- _Records for processing_

--- START ---

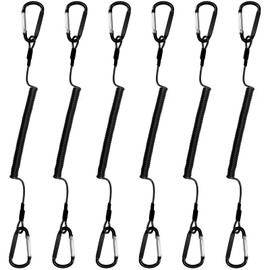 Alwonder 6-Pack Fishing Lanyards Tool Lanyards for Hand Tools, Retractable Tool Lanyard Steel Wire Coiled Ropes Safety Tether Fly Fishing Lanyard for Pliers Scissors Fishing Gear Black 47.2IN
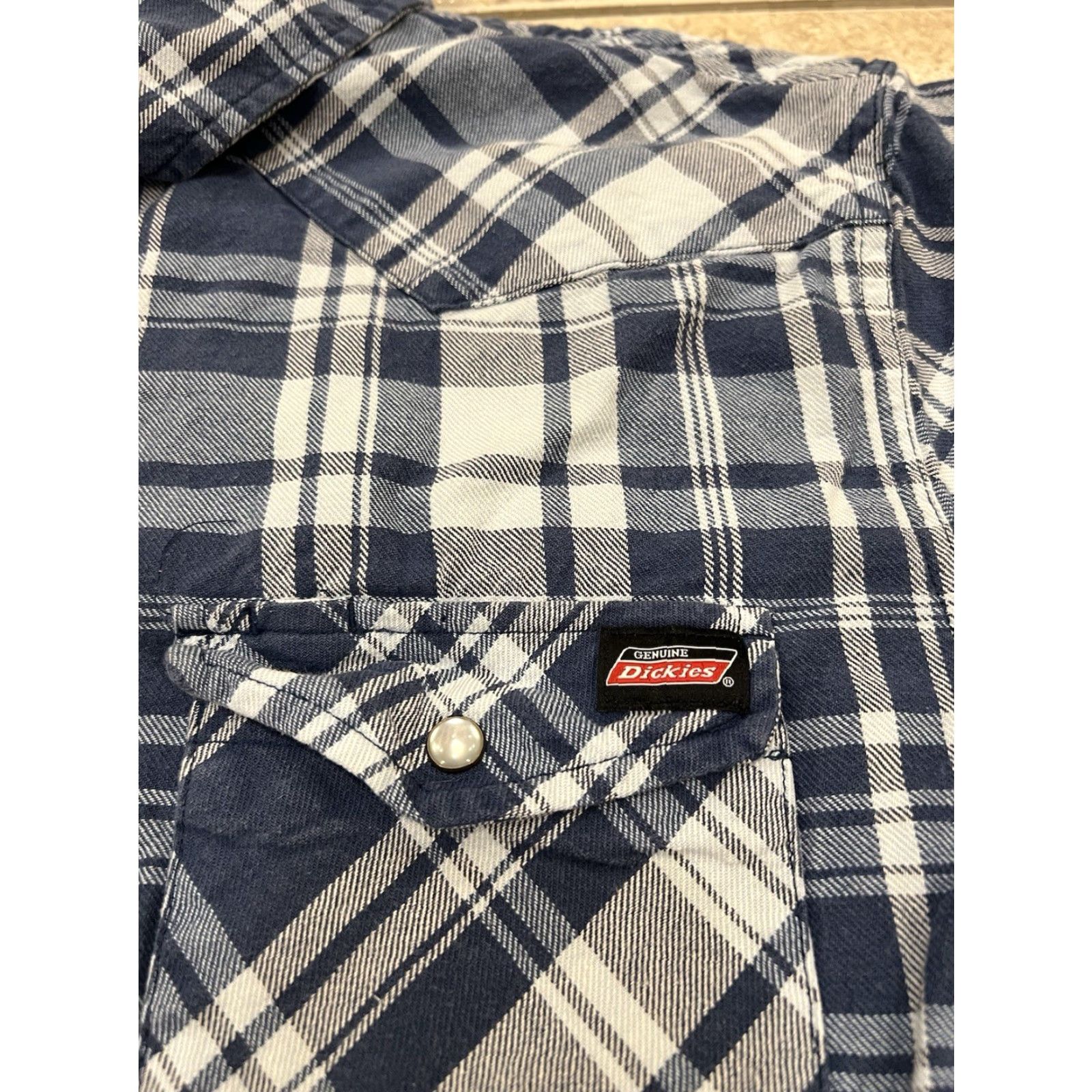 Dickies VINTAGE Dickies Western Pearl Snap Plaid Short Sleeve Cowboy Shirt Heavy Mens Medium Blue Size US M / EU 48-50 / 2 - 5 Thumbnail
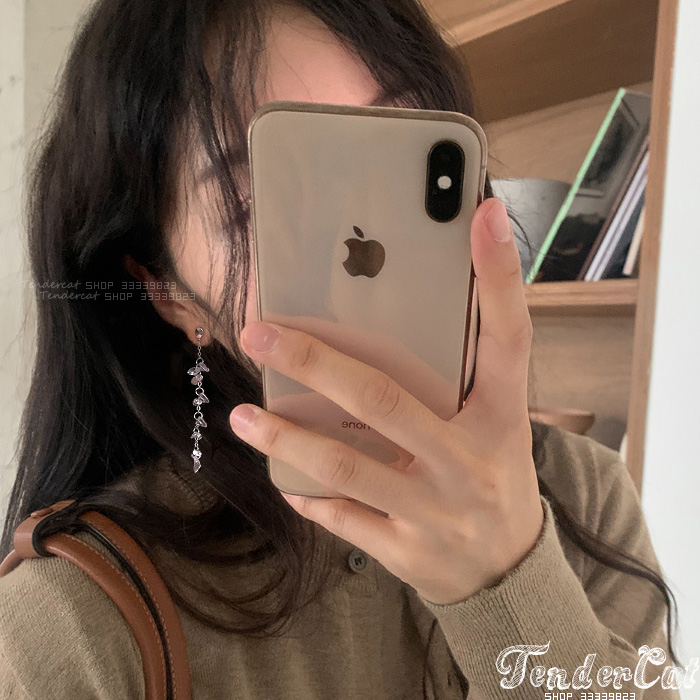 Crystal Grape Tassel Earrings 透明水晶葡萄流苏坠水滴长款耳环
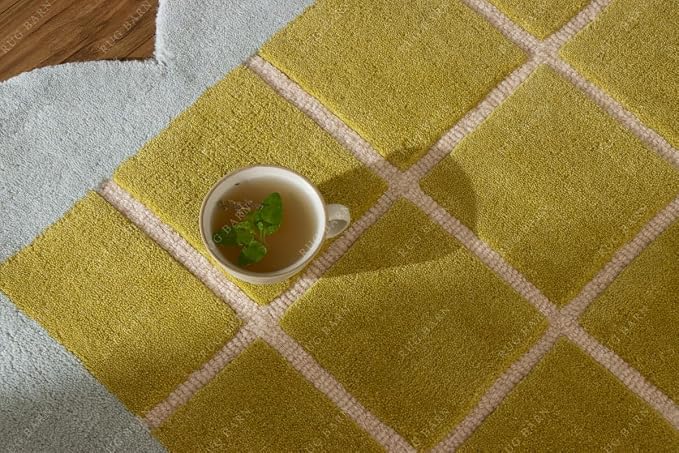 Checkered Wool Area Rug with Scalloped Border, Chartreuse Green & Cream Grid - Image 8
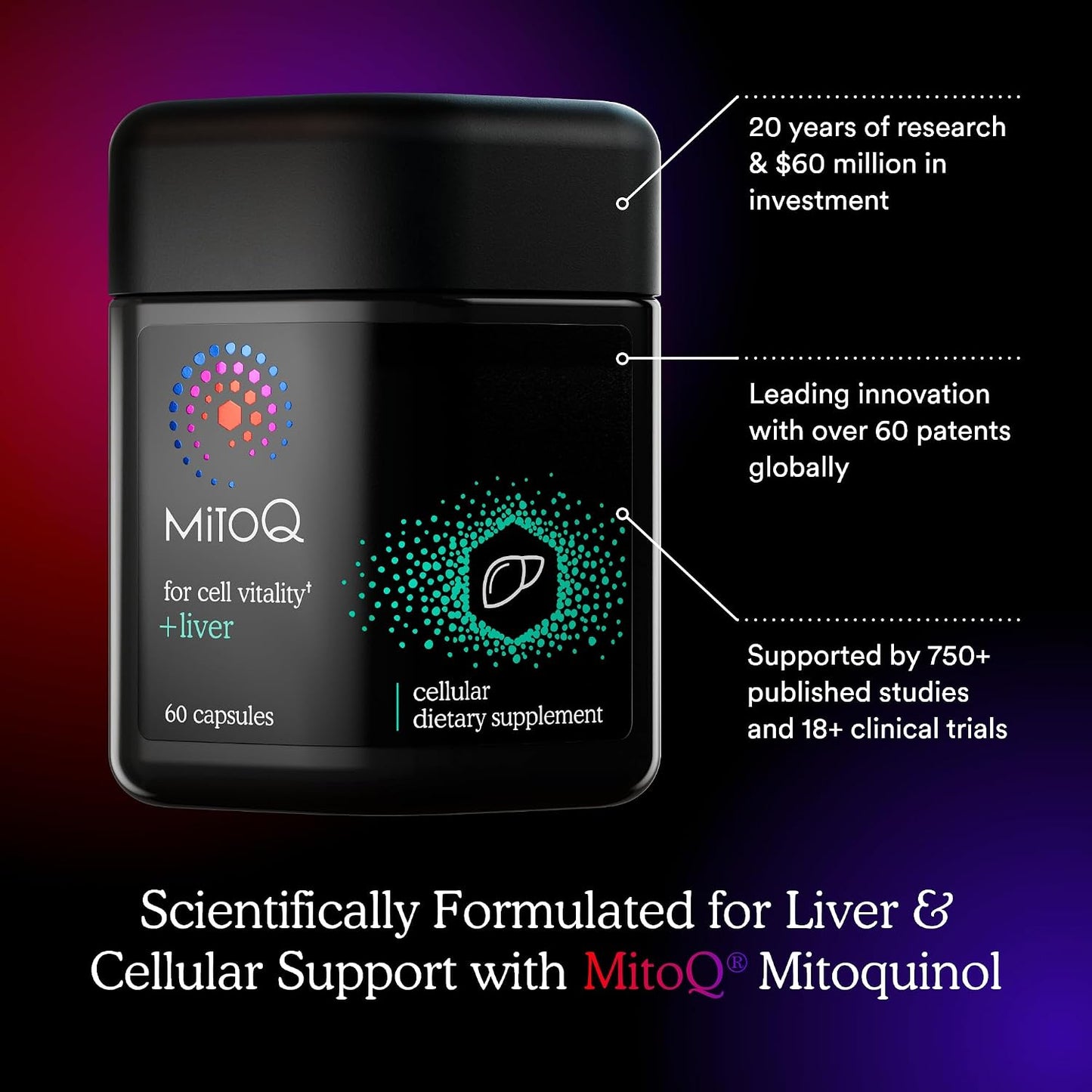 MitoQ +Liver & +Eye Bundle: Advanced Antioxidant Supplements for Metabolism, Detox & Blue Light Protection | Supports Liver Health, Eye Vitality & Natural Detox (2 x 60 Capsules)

--- END ---
--- START ---

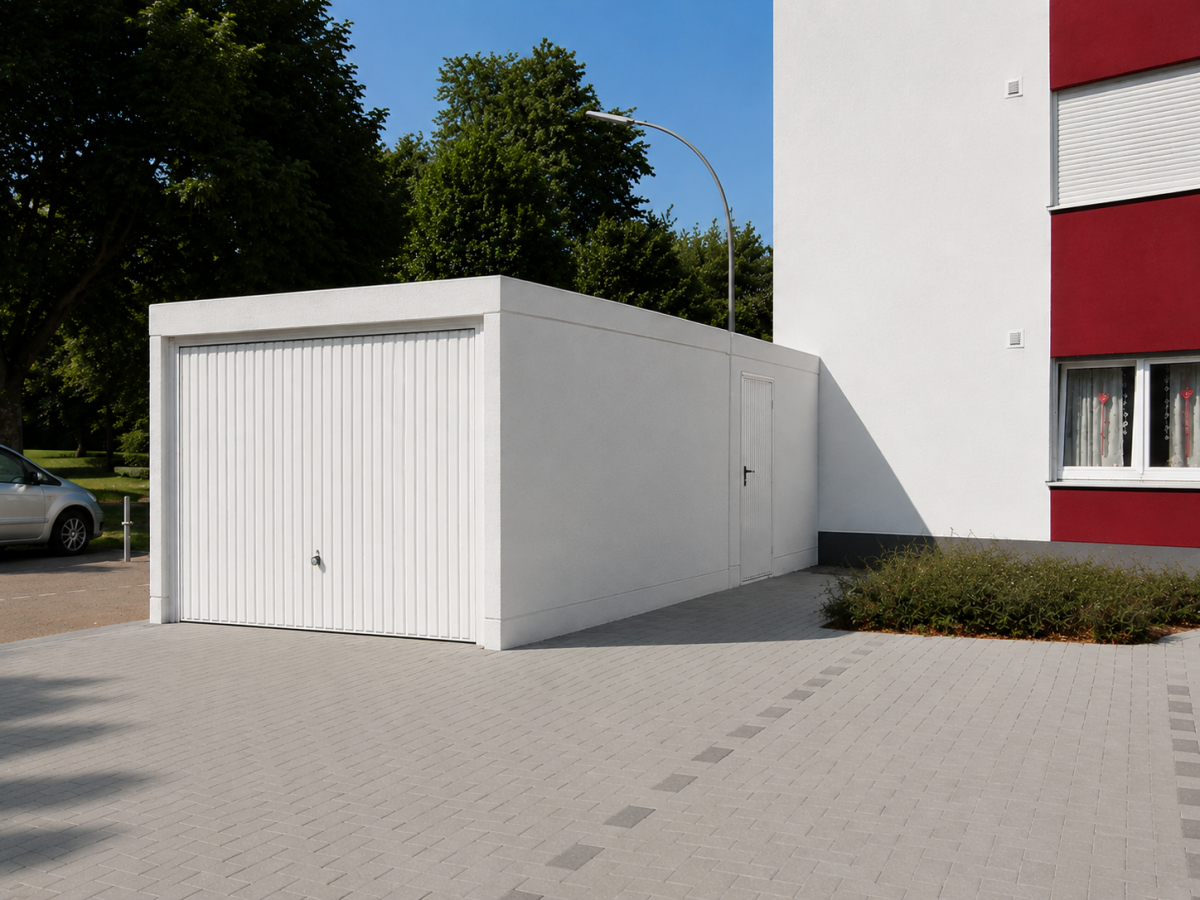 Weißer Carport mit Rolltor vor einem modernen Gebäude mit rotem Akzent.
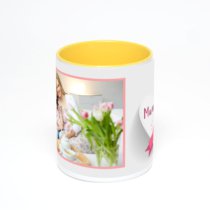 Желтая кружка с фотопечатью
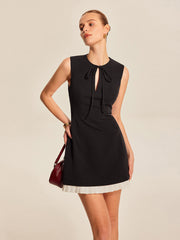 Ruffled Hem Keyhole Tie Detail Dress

--- END ---

- _What is needed_
In the entries above, find the line with "Weißer Carport mit" and the line with "Ruffled Hem Keyhole Tie Detail Dress". Write out exactly those two lines and every line between them, pictures excluded.

- _Output for this task_
 Weißer Carport mit Rolltor vor einem modernen Gebäude mit rotem Akzent.
 Желтая кружка с фотопечатью
 Ruffled Hem Keyhole Tie Detail Dress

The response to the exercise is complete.